WORK TO BE COMPLETED: Your task is to repeat exactly the lines below between the line holding "宝骏-宝骏560-1.8L 手动豪华型" and the line holding "Blå ribbad bikini", inclusive, and only those.

(Short web captions)
========

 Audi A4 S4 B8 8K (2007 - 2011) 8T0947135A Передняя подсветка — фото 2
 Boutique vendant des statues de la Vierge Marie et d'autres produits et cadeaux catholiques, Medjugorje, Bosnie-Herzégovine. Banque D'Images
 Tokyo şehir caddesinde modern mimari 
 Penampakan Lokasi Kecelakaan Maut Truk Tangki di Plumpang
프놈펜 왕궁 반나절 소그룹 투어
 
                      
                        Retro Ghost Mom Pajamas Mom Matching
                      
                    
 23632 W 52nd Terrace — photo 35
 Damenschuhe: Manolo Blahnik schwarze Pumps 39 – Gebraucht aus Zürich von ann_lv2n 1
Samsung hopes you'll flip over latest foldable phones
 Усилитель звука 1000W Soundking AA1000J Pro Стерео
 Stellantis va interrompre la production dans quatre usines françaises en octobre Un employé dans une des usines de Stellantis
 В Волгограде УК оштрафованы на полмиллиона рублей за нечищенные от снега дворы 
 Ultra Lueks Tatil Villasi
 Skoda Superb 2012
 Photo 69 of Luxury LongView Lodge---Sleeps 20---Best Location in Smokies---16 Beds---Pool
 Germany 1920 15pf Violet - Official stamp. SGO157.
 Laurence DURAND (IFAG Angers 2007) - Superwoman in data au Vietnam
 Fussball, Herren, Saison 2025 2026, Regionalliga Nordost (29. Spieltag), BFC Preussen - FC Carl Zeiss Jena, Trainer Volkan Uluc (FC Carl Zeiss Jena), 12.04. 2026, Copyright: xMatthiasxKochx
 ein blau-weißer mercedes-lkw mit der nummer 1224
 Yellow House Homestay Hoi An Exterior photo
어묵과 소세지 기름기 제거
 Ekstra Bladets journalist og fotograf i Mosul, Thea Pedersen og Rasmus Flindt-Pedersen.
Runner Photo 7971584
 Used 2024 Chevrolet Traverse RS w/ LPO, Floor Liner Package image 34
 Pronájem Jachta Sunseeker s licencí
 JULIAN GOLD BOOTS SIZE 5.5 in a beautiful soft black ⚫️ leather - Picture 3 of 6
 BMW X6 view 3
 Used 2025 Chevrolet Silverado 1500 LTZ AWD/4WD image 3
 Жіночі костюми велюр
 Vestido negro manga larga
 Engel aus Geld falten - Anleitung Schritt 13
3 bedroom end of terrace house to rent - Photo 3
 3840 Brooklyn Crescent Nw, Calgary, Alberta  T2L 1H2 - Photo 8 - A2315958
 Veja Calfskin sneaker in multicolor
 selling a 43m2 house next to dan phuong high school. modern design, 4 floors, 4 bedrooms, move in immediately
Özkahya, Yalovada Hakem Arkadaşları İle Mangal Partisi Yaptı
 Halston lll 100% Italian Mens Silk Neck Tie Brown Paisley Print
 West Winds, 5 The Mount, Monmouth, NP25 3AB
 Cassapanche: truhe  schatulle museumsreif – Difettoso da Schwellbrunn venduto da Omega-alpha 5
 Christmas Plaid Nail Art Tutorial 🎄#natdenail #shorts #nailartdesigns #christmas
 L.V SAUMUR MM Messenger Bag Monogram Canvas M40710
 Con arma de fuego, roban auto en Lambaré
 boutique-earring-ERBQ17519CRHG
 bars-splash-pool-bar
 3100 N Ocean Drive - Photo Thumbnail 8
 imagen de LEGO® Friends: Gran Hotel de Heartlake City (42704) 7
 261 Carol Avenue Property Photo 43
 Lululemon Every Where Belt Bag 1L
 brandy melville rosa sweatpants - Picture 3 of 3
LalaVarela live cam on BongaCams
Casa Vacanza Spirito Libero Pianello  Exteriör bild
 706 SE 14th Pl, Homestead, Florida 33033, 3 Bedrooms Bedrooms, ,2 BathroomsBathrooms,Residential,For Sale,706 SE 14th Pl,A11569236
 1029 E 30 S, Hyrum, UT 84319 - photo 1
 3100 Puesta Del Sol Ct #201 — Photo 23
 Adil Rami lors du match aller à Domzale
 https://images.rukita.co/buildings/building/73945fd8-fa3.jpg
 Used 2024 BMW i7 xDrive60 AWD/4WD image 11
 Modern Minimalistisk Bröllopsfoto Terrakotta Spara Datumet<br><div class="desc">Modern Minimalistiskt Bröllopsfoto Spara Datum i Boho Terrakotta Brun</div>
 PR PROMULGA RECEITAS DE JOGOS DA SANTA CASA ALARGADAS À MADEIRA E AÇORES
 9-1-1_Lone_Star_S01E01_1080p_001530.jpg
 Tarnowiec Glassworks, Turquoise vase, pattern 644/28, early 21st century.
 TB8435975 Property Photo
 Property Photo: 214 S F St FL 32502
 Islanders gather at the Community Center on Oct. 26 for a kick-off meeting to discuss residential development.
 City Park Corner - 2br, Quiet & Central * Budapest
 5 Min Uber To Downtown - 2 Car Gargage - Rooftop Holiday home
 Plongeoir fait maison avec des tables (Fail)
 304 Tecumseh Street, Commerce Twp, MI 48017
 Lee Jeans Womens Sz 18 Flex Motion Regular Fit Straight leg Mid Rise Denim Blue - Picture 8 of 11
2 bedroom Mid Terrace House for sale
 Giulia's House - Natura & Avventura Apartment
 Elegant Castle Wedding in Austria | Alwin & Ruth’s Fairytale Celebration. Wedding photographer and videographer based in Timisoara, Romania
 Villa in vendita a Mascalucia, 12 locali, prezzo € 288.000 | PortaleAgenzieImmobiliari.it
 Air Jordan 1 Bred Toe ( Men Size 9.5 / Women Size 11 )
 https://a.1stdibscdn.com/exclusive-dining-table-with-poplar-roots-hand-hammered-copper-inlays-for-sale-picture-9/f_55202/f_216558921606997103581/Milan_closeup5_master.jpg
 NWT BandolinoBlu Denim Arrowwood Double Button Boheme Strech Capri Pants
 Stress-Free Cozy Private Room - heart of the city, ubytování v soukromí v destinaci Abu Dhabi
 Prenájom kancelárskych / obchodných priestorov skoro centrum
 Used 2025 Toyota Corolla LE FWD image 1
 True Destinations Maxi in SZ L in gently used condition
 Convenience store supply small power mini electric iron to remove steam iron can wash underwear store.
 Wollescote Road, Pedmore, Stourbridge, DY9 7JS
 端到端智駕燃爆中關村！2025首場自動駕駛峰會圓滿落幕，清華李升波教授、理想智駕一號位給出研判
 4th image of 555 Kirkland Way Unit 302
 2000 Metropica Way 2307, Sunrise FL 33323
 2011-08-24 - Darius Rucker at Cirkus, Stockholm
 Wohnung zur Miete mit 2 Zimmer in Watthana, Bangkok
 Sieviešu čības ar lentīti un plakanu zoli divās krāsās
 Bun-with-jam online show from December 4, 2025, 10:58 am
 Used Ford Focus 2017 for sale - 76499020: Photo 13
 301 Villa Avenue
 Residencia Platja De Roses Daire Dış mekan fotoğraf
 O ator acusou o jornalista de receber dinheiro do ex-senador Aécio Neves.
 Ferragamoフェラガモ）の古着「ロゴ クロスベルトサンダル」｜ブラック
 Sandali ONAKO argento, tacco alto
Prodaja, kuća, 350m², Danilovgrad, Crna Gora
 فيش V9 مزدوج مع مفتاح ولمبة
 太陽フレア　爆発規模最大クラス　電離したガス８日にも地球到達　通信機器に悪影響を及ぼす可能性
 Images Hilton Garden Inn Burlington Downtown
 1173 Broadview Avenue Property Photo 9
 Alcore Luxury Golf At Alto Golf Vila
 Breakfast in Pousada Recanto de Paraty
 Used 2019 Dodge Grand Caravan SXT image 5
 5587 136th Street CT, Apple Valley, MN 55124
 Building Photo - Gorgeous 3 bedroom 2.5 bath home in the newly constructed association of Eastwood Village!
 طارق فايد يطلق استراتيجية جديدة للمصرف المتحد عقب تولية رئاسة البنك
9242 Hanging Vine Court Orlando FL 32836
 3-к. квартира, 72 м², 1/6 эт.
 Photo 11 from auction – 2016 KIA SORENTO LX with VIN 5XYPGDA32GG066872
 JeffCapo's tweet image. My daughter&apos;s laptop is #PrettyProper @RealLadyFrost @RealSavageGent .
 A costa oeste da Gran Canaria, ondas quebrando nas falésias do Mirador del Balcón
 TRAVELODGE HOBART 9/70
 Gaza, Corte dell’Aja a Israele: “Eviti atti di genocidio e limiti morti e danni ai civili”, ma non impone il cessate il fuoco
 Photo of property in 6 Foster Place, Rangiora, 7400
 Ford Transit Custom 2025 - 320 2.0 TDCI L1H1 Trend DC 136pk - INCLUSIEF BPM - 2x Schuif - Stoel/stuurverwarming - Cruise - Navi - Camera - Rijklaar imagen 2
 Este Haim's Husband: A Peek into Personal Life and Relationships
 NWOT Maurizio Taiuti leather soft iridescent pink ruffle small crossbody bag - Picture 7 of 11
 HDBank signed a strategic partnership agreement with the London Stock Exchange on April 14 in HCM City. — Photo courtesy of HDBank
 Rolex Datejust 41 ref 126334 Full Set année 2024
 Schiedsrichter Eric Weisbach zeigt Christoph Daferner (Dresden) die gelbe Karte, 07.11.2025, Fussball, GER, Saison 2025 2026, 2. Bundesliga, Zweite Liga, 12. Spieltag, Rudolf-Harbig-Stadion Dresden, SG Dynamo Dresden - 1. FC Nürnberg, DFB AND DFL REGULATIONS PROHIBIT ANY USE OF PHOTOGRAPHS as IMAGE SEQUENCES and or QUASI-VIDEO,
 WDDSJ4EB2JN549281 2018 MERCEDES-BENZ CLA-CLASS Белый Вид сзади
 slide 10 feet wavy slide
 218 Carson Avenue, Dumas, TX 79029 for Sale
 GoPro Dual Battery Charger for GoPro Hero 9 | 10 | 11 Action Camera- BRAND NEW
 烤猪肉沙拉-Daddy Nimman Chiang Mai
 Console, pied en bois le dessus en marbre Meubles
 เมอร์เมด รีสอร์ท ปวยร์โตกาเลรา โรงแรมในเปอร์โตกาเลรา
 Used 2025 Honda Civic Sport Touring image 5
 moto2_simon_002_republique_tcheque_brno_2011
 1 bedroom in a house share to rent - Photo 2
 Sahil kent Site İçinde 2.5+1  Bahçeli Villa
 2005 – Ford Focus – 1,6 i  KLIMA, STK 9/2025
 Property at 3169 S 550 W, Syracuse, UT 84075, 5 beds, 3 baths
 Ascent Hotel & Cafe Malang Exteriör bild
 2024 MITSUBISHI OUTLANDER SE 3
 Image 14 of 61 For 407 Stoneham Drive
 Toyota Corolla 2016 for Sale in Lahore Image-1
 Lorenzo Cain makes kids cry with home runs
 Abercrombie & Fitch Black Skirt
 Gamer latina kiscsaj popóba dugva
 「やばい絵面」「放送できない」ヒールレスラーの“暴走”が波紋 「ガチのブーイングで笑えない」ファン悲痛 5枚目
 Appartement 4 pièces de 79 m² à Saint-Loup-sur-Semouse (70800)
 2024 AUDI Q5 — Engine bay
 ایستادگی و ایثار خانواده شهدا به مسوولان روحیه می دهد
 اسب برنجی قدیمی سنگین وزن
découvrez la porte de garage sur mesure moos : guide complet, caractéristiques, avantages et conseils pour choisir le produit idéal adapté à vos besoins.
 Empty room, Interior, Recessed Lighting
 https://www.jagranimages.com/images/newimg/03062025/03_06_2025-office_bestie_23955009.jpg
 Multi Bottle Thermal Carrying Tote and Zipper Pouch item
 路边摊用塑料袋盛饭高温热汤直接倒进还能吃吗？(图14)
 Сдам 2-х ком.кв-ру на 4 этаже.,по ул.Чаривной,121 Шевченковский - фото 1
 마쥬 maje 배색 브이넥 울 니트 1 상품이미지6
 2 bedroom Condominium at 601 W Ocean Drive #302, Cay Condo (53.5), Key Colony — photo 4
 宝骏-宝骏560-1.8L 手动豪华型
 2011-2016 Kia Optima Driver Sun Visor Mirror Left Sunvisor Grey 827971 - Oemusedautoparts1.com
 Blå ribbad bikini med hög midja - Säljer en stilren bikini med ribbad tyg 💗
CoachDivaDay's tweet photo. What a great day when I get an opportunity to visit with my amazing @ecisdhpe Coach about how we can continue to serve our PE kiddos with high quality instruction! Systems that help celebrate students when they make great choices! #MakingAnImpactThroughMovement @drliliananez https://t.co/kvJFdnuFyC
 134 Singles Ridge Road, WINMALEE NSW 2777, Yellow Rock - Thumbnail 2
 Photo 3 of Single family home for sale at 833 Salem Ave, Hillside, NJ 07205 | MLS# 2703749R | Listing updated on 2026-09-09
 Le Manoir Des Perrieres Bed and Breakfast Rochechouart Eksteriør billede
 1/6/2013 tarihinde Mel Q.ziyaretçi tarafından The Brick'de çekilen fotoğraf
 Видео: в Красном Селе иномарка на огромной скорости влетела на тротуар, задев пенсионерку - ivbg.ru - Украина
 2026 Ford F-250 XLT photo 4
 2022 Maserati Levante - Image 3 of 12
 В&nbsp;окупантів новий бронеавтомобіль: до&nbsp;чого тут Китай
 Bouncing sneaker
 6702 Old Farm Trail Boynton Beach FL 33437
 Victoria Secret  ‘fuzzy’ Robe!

========

TASK OUTPUT:
 宝骏-宝骏560-1.8L 手动豪华型
 2011-2016 Kia Optima Driver Sun Visor Mirror Left Sunvisor Grey 827971 - Oemusedautoparts1.com
 Blå ribbad bikini med hög midja - Säljer en stilren bikini med ribbad tyg 💗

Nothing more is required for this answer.